What’s a typical day like for you?
My day officially begins when my daughter wakes up. We might eat some yogurt, watch a few Mickey Mouse shorts, or have a quick lightsaber battle before going our separate ways for the day. I get to the office around 8:30, grab some tea and begin nailing down my objectives for the day. Today, my goal is to knock out two editorial illustrations. Other days, I might be sketching logos, writing copy or making comps for a meeting. Every day is a little different.
How do you feel about working in St. Louis and the Midwest?
I’ve only worked here, but I can say that St. Louis seems to have a pretty incredible ecosystem in place for designers. We have brilliant educators who are teaching hard-working kids to create wonderful and meaningful things, who in turn inspire others to value design. It feels cyclical and natural. The talent here is just bonkers. Look at what Almanac and Cheree Berry Paper are cranking out. There’s obviously something working here.
What’s the most satisfying part of any design project?
This is so hard to explain, but for me it’s gotta be that moment when everything clicks.

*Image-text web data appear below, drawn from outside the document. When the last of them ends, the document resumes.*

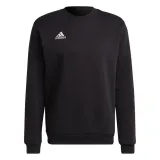 bluza-meska-adidas-entrada-22-marka-adidas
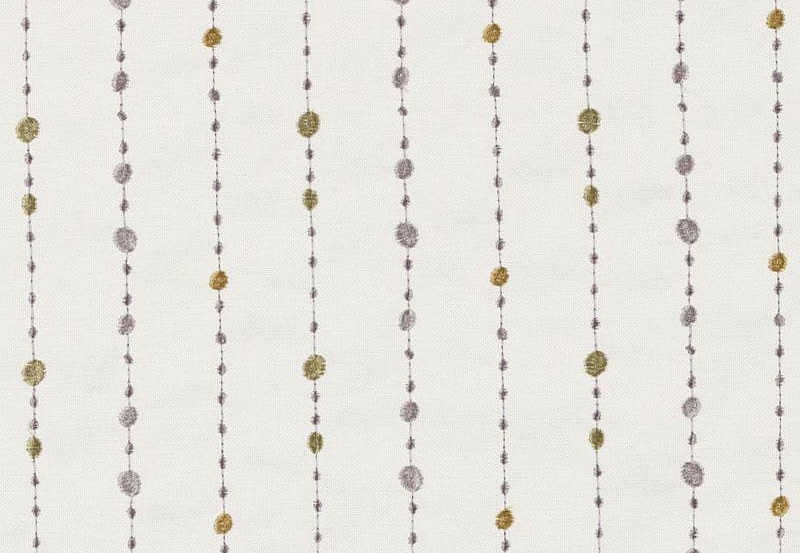 Ткань Duralee Biltimore Collection 32775/569
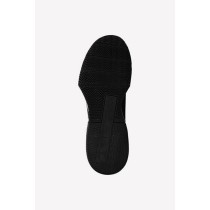 Herren-Sportschuhe Nike AIR MAX ALPHA TRAINER 6 FQ1833 001 Schwarz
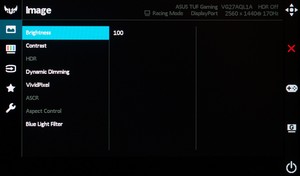 69_menu05.jpg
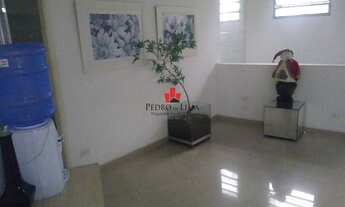 Imagem 5: 3 salas comerciais , com Banheiro e Recepção em Sobreloja na Amador Bueno da Veiga -Penha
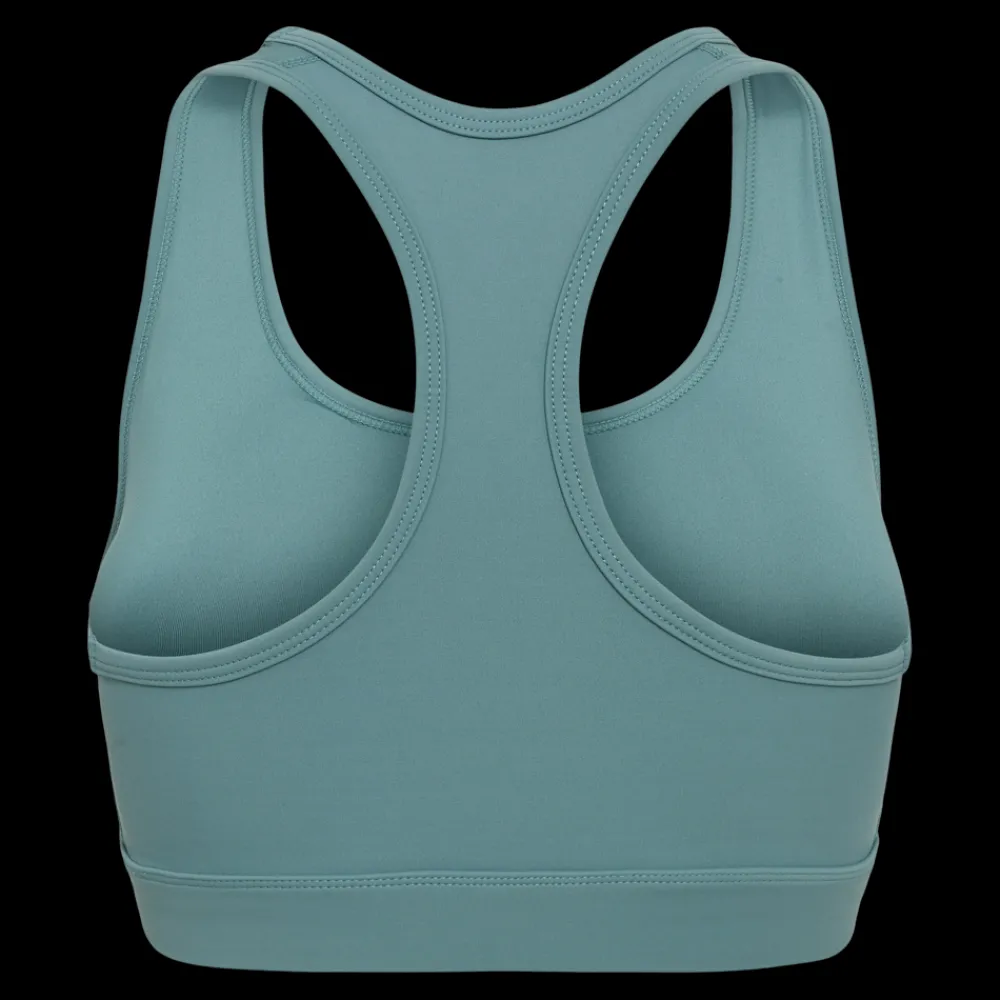 Best Sille 25, W - Damen Sport BH Sport Bh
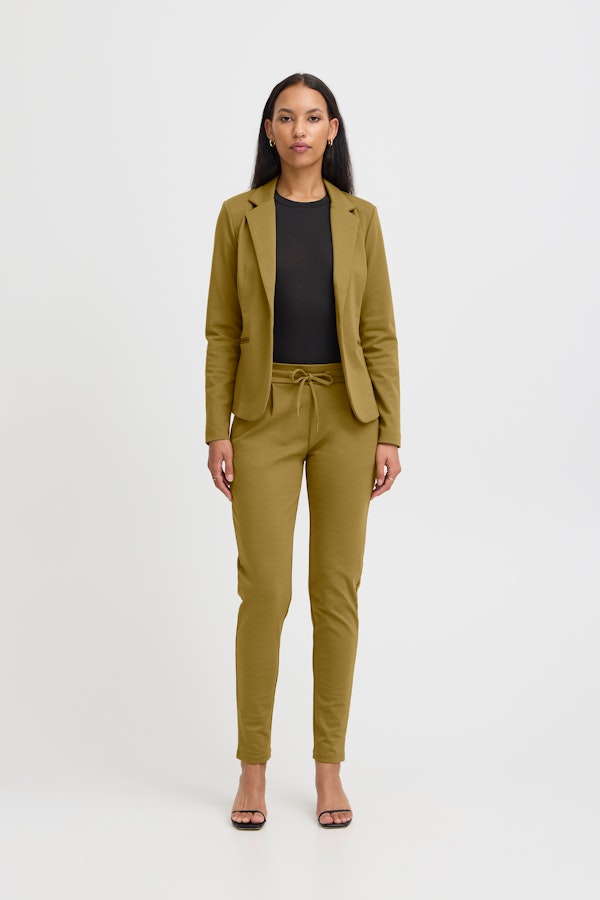 Atelier Reve IHKATE Trousers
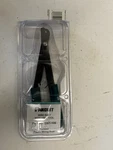 Panduit Wire Notching Tool DNT-100 Panduct Plastic Wiring Brand New. Fixed Price $260.00.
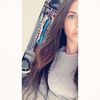 Madison Kerfoot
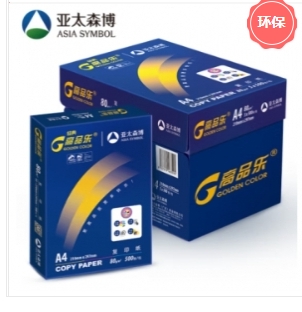 微信截图_20250403085143.png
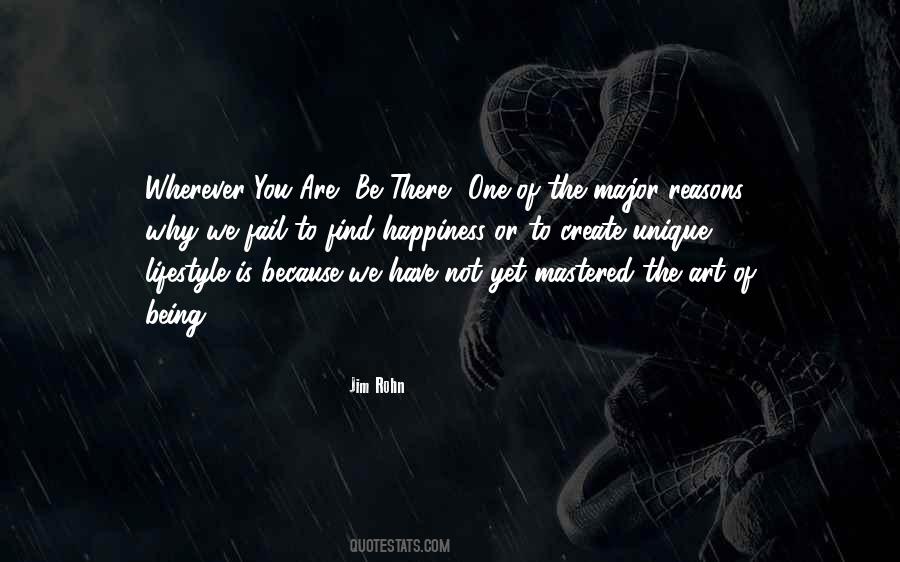Abu Taymiyyah Quotes #1799731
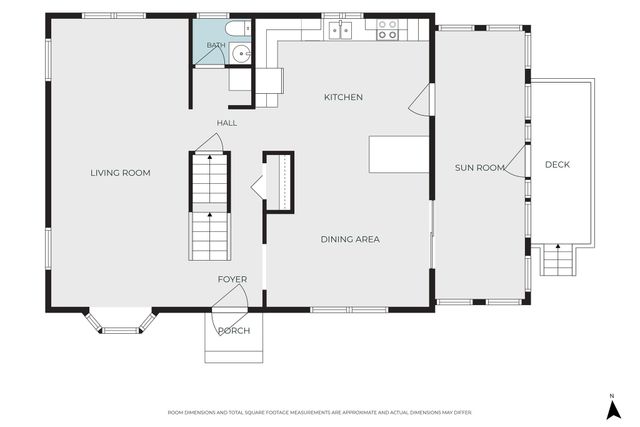 1 Shady Ln, Leicester, MA 01524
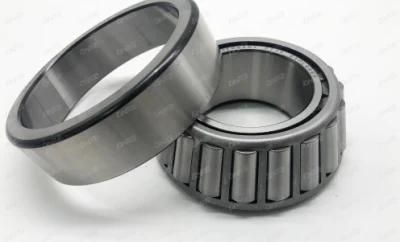 Taper Roller Bearing Wheel Bearing Auto Parts Bearing 32310j2/Q 33115q 31313q 32313j2 with Good Quality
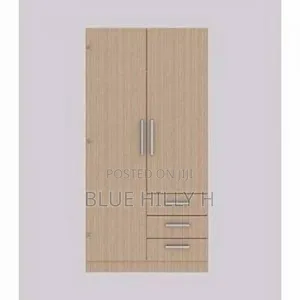 Wardrobes High Gloss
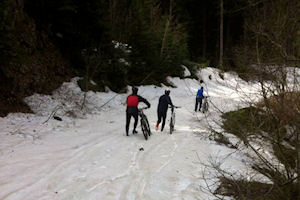 Klikni za veliku sliku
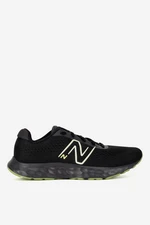 Sportovní New Balance M520GK8 Látka/-Látka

When a concept and its execution line up perfectly. When you look at something you’ve created and your mind goes completely silent with confidence because you realize you’ve made something that can speak on its own. When it doesn’t need you anymore. It’s definitely a moment that I, and probably most designers, don’t get to experience often because we work in the real world and it’s full of deadlines, budgets and opinions.
Tell us about one project you remember the most, good or bad.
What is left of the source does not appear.